7. Staging Task Output Data
Upon completion, tasks often create some amount of data. We have seen in Obtaining Task Details how we can inspect the task’s stdout string, but that will not be useful beyond the most trivial workloads. This section shows how to stage the output data of tasks back to the RP application, and/or to arbitrary storage locations and devices.

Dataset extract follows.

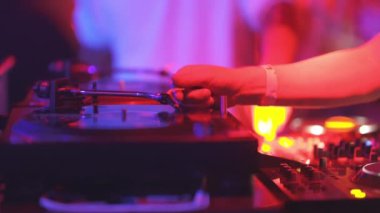 Bir kişi kırmızı arka planlı bir pikabı çalıyor. Sahne enerjik ve canlı, çünkü kişi aktif olarak müzik çalmakla meşgul.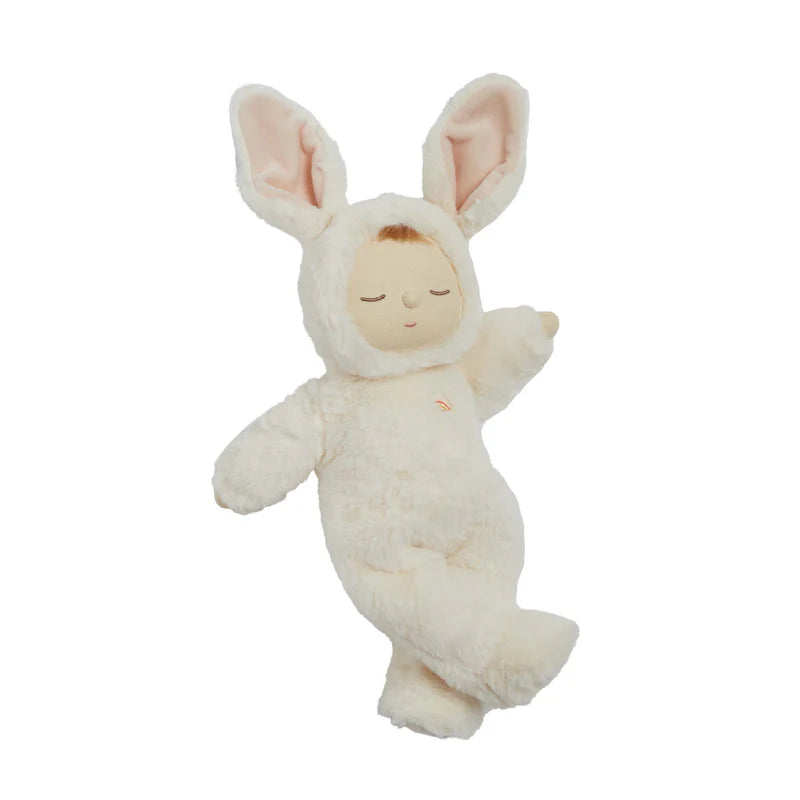 The Olli Ella Cozy Dinkum - Bunny Moppet is a collectible plush toy in a fluffy white bunny costume with pink-lined ears, closed eyes, and a peaceful look, posed with one arm raised and one leg gently bent.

In principle, output staging is specified as the input staging discussed in the previous section:
source: what files need to be staged from the context of the task that terminated execution
target: where should the files be staged to
action: how should files be staged.
Note that in this example we specify the output file name to be changed to a unique name during staging:
for i in range(0, n):
cud.executable = '/bin/cp'
cud.arguments = ['-v', 'input.dat', 'output.dat']
cud.input_staging = ['input.dat']
cud.output_staging = {'source': 'output.dat',
'target': 'output_%03d.dat' % i,
'action': rp.TRANSFER}
7.1. Running the Example
Below is an example application which uses the code block above.
We start by importing the radical.pilot module and initializing the reporter facility used for printing well formatted runtime and progress information.
[1]:
import os
import sys
verbose = os.environ.get('RADICAL_PILOT_VERBOSE', 'REPORT')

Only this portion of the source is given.